RadialBasisFunctions.jl
Documentation for RadialBasisFunctions.
This package intends to provide tools for all things regarding Radial Basis Functions (RBF).
Feature | Status |
---|---|
Interpolation | ✅ |
Regridding | ✅ |
Partial derivative ($\partial f$) | ✅ |
Laplacian ($\nabla^2 f$, $\Delta f$) | ✅ |
Gradient ($\nabla f$) | ✅ |
Directional Derivative ($\nabla f \cdot v$) | ✅ |
Custom / user supplied ($\mathcal{L} f$) | ✅ |
divergence ($\textrm{div} \mathbf{F}$ or $\nabla \cdot \mathbf{F}$) | ❌ |
curl ($\nabla \times \mathbf{F}$) | ❌ |
Reduced Order Models (i.e. POD) | ❌ |
Currently, we support the following types of RBFs (all have polynomial augmentation by default, but is optional)
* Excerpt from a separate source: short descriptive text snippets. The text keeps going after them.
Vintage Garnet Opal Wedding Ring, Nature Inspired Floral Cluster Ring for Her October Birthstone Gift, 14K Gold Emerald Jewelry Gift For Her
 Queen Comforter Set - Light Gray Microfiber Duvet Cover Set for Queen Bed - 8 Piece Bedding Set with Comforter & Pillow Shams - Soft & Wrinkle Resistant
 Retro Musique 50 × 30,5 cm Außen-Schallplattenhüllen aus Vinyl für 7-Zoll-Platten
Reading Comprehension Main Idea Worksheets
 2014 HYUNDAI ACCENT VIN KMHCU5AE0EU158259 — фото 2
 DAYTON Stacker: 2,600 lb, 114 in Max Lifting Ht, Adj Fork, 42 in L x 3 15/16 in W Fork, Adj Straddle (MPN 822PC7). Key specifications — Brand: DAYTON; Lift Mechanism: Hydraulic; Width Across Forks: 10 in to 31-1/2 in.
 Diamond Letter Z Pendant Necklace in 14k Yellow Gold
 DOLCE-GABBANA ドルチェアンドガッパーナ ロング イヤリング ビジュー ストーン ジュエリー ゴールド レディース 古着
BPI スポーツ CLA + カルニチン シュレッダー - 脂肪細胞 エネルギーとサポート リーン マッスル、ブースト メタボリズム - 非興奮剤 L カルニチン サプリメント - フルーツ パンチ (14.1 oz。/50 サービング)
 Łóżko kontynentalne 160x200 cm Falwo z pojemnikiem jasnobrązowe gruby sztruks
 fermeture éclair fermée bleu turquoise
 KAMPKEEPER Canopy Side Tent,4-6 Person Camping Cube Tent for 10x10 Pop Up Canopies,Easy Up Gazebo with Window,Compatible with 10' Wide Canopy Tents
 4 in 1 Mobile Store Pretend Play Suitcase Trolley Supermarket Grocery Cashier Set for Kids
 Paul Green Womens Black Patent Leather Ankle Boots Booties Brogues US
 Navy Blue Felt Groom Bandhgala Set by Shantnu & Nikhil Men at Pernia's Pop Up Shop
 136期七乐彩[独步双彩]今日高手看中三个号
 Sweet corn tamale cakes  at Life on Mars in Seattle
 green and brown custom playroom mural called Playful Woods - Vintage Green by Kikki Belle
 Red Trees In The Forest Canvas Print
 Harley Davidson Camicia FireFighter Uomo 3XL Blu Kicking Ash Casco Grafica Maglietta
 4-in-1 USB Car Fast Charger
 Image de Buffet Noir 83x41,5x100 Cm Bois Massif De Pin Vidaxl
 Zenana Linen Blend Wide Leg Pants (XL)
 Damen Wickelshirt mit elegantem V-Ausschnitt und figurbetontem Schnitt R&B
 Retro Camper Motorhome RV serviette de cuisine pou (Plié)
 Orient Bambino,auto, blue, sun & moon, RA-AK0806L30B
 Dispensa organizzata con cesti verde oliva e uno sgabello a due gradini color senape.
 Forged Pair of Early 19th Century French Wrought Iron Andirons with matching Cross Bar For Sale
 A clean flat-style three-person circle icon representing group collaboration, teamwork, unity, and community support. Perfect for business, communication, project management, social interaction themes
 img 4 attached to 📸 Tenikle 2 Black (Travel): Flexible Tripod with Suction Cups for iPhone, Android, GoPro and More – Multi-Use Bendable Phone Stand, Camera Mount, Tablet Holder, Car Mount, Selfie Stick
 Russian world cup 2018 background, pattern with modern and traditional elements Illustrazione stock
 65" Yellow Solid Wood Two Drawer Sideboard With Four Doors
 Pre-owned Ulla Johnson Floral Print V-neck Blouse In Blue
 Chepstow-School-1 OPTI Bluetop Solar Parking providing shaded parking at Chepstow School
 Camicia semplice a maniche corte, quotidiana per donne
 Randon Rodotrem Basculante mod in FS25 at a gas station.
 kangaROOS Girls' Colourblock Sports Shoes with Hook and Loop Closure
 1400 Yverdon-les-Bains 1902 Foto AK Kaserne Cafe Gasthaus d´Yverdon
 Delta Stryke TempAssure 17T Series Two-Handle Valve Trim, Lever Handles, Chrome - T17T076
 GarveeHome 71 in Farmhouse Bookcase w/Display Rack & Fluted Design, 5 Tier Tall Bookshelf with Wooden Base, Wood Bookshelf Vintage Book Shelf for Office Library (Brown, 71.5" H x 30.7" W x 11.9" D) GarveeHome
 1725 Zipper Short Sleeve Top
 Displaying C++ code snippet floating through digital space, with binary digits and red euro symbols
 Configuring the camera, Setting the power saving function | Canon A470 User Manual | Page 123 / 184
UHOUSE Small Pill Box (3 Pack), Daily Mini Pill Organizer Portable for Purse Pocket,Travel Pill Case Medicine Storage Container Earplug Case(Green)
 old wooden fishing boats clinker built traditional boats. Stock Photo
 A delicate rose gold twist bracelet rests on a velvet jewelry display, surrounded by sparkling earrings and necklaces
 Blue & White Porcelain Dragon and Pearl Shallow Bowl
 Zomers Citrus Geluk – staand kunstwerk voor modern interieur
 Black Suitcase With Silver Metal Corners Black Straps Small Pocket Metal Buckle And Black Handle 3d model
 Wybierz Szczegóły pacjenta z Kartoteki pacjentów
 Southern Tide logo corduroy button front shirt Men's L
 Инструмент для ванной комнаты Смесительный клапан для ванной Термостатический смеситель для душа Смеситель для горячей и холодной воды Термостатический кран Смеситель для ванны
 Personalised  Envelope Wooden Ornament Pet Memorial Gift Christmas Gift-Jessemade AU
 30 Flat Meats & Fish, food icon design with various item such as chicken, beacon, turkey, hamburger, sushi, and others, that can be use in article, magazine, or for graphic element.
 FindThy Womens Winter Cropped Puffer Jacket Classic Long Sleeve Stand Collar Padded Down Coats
Type | Function, $\phi(r)$ |
---|---|
Polyharmonic Spline | $r^n$ where $n=1,3,5,7$ |
Inverse Multiquadric | $1 / \sqrt{(r \varepsilon)^2+1}$ |
Gaussian | $e^{-(r \varepsilon)^2}$ |
where $\varepsilon$ is a user-supplied shape parameter.
Installation
Simply install the latest stable release using Julia's package manager:
] add RadialBasisFunctions
Current Limitations
A critical dependency of this package is NearestNeighbors.jl which requires that the dimension of each data point is inferrable. To quote from NearestNeighbors.jl:
The data, i.e., the points to build up the tree from. It can either be
- a matrix of size nd × np with the points to insert in the tree where nd is the dimensionality of the points and np is the number of points
- a vector of vectors with fixed dimensionality, nd, which must be part of the type. Specifically, data should be a Vector{V}, where V is itself a subtype of an AbstractVector and such that eltype(V) and length(V) are defined. (For example, with 3D points, V = SVector{3, Float64} works because eltype(V) = Float64 and length(V) = 3 are defined in V.)
That said, we currently only support the second option here (
Vector{AbstractVector}
), but plan to support matrix inputs in the future.Interpolator
uses all points, but there are plans to support local collocation / subdomains like the operators use.